5. The multiterminal obstacle-avoiding pathfinding system of claim 4, wherein the output array is an output image that comprises the predicted routing path and the input terminals and obstacles.

6. The multiterminal obstacle-avoiding pathfinding system of claim 1, further comprising a post-processing component configured to merge clustered nets generated by the cGAN.

7. The multiterminal obstacle-avoiding pathfinding system of claim 3, further comprising a parallel processing hardware (such as GPU, TPU, NPU, or similar) operably connected to the processor.

8. The multiterminal obstacle-avoiding pathfinding routing system of claim 7, further comprising synthetic or commercially available routed training samples for training the cGAN generator, operably connected to the processor of the system.

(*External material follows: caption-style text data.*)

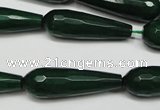 CCN2163 15.5 inches 10*30mm faceted teardrop candy jade beads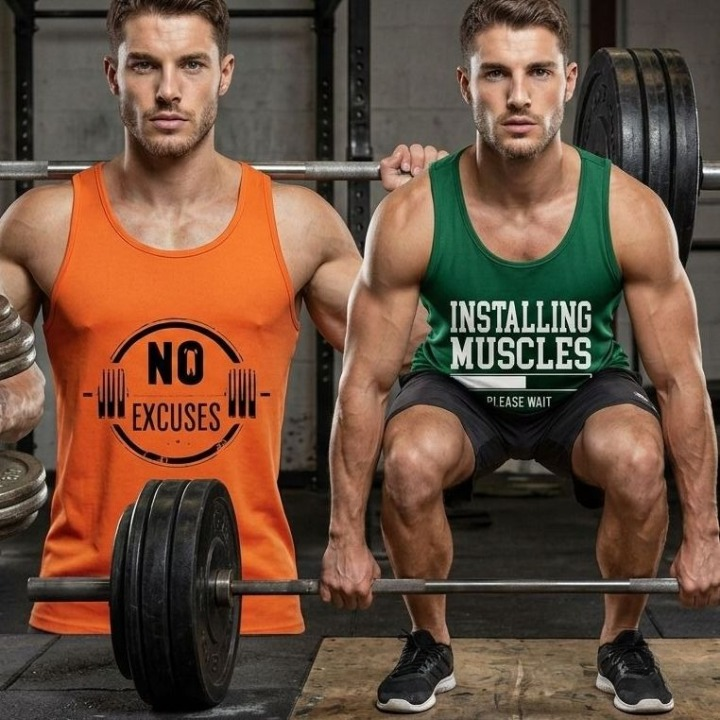 Pack of 2 Men's Summer Cotton Sando Vest Sleeveless Tank Top Breathable Soft Lightweight Casual Gym Sports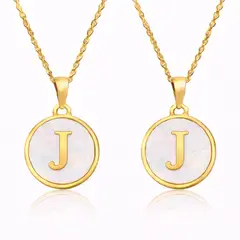 GENERICO - Collares de Pareja Letras J y J con Nácar en Acero Inoxidable Dorado 50 cm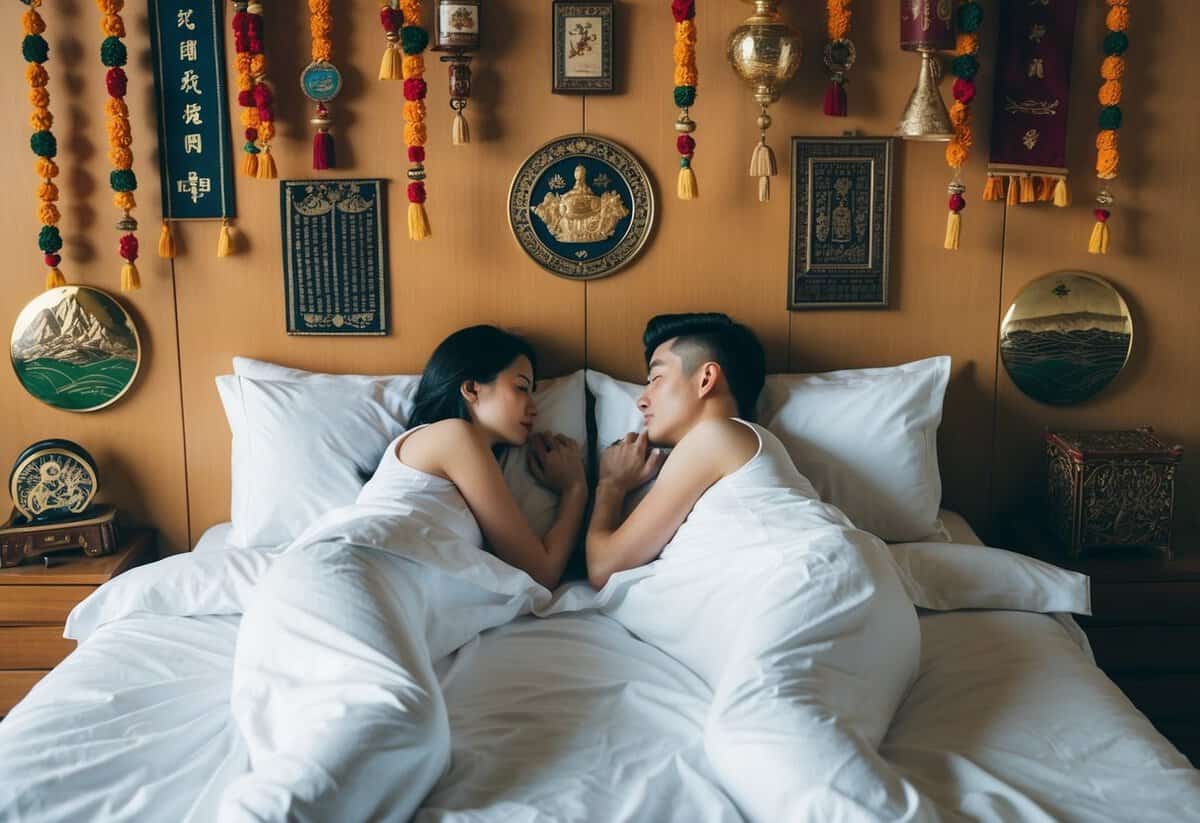 A couple lies in separate beds, surrounded by cultural and historical symbols of tradition and anticipation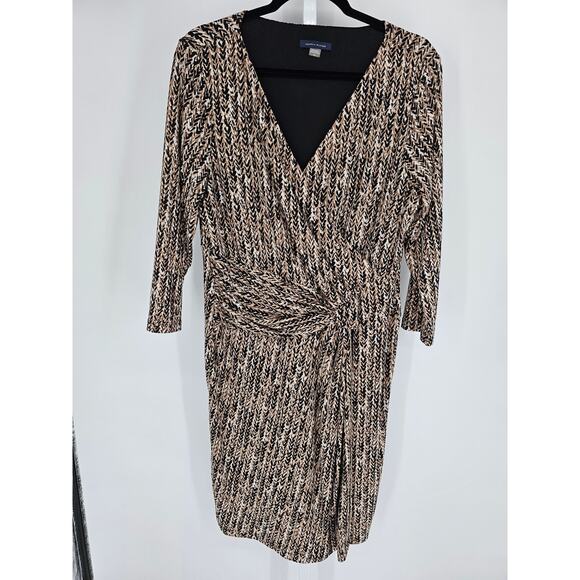 Tommy Hilfiger Womens Sz 14 Midi Length Dress Black Brown Tan V Neck - Picture 1 of 4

9. A multiterminal obstacle-avoiding pathfinding system comprising:

a trainable conditional generative adversarial network (cGAN) operably connected to a processor, the cGAN trained to interpret a pathfinding task as a graphical bitmap and to map a pathfinding problem onto a pathfinding solution represented by another bitmap of the system.

10. The multiterminal pathfinding system of claim 9, further comprising a dynamic, synthetically generated or commercially available dataset (example in application) operably connected to the processor.

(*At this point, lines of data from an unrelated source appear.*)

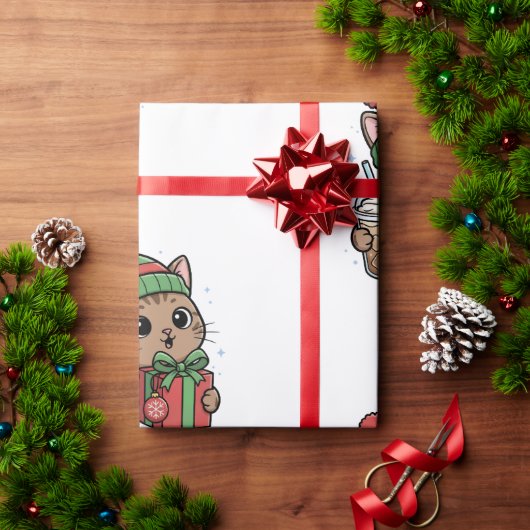 Cute Meowy Christmas Cat Iced Latte Pattern Wrappi ラッピングペーパー (クリスマスギフト)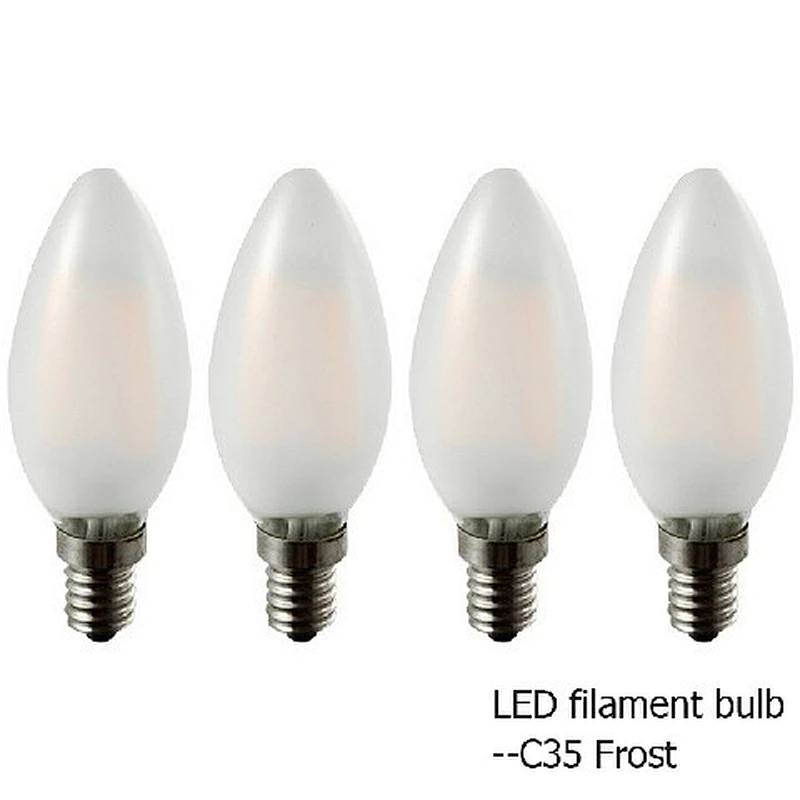 Alta calidad 220v E14 4W 6W C35 Bombilla de filamento vintage Luz de vela LED con cola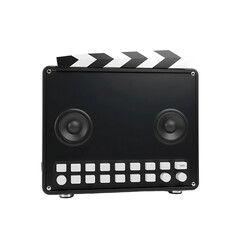 3D Rendered Clapperboard and Audio Equipment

11. The multiterminal pathfinding system of claim 10, configured to enable effective parallelization on parallel processing (such as GPU, TPU, NPU or similar) hardware, wherein the system yields over an order of magnitude speedup over traditional approaches with no wirelength overhead.

12. The global pathfinding system of claims 9, further comprising a post-processing component configured to merge clustered nets generated by cGAN.

13. The system of claim 12, wherein the post-processing component is further defined by a median filter for image noise reduction of an invalid net, and a cluster merging instruction set connecting the net clusters, the median filter and cluster merging instruction set operably connected to the system via the processor.

14. The system of claim 13, the cluster merging instruction set configured to identify pairs of closest endpoints from two different clusters for all disconnect endpoints based on Manhattan distance, and to merge two clusters, the identified closest terminal endpoints are connected with a maze-routing instruction set.

15. The system of claim 14, further comprising one or more components to connect all the terminals in the multiterminal pathfinding solution.

16. The system of claim 15, further comprising at least two deep neural networks.

17. The system of claim 9, further comprising a submodel generator conditioned by an input comprising placed terminals and obstacles.

18. A multiterminal obstacle-avoiding pathfinding system comprising:

a custom loss function having instructions configured to penalize a routing model if a number of tiles, nt, included by the model within a routing path is different from a number of tiles in a reference routing path, nt,ref, wherein penalties for nt exceeding and falling short of nt,ref differ.